When you are walking around Paris, there are some places in the city -- particularly in the older neighborhoods that pre-date the Haussmannian redevelopment -- where you can still find the old street names engraved in stone alongside the newer street names on their iconic blue-green-and-white plaques.
This one, on the corner of a pillar at the Saint Sulpice church, shows us that the original street name next to the church was Rue des Aveugles or the Street of the Blind. (By the way... the holes in the stone that looks like gunshot marks? May well be exactly that. During the Revolution, churches were often vandalised and even destroyed as the Revolutionaries were very anti-religion. And during WWII and the Liberation of Paris, there were many altercations between the Resistance and the Nazi occupiers. So... bullet holes in a church? Quite possible, although they could also be from erosion.)

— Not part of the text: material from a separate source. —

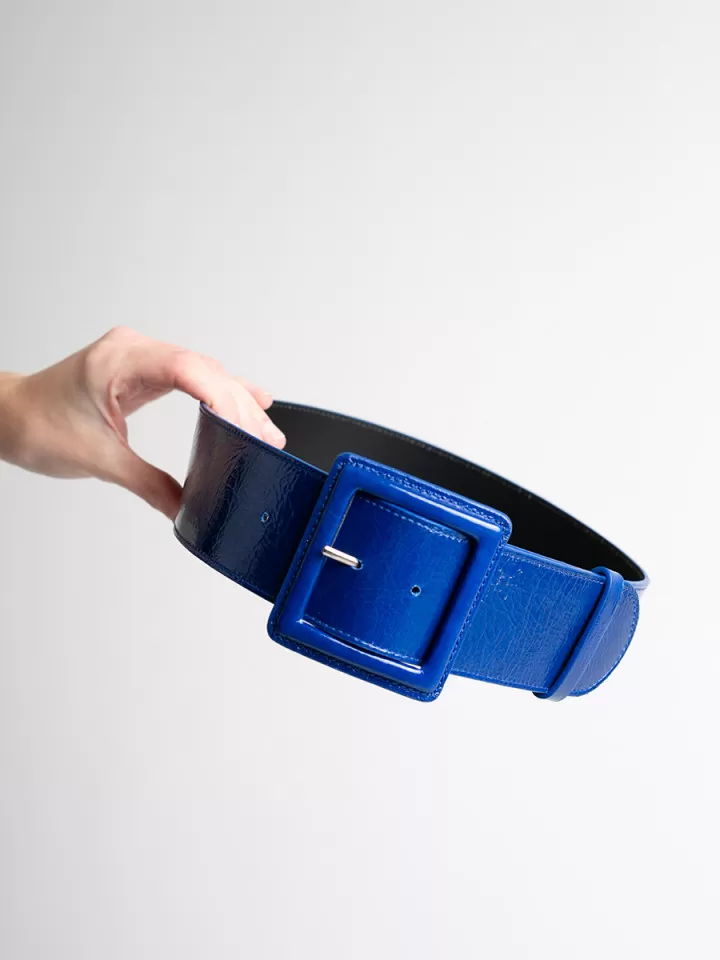 Ceinture Noe Klein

You will most often see these stone street "signs" in parts of the 4th (especially on the two islands in the Seine which are the original part of Paris), 5th and 6th arrondissements, as well as in the Marais where there are still 13th-century structures standing. I found an interesting site that talks about the history of street names in Paris.
And if you want to know the history behind the naming of a particiular Parisian rue, you can type in the street name at this Mairie web site. (The site is in French and you will need to enable Java in your browser for it to work.) For instance, I learned that Rue Marcadet, where I lived with Georges when we were first together, was once known as the Rue des Boeufs (Cattle or Beef Street) and that the name Marcadet comes from La Mercade or la Marcadé which was the name of a small hamlet; and Rue Durantin, where we have our guest apartment, was simply named after someone who owned some part of the property along that street. Not very exciting, but the Champs Elysées dates back to 1680 and was named after the mythological Elysian Fields.
The rue Saint Sulpice had several renamings over its long history, according to this web site, and the small part of the now-longer street that runs just alongside the church was previously called:
- rue Saint-Sulpice (1580)
- rue du Petit Saint-Sulpice or petite rue Saint-Sulpice (1595)
- rue de l'Aveugle (1636)
- rue des Prêtres (1642-1652), and then finally...
- rue des Aveugles (de 1697 à 1815)
- ...before coming back to it's original and current name of rue Saint-Sulpice.
It's obvious that in old Paris, street names were NOT "set in stone"... even when they WERE.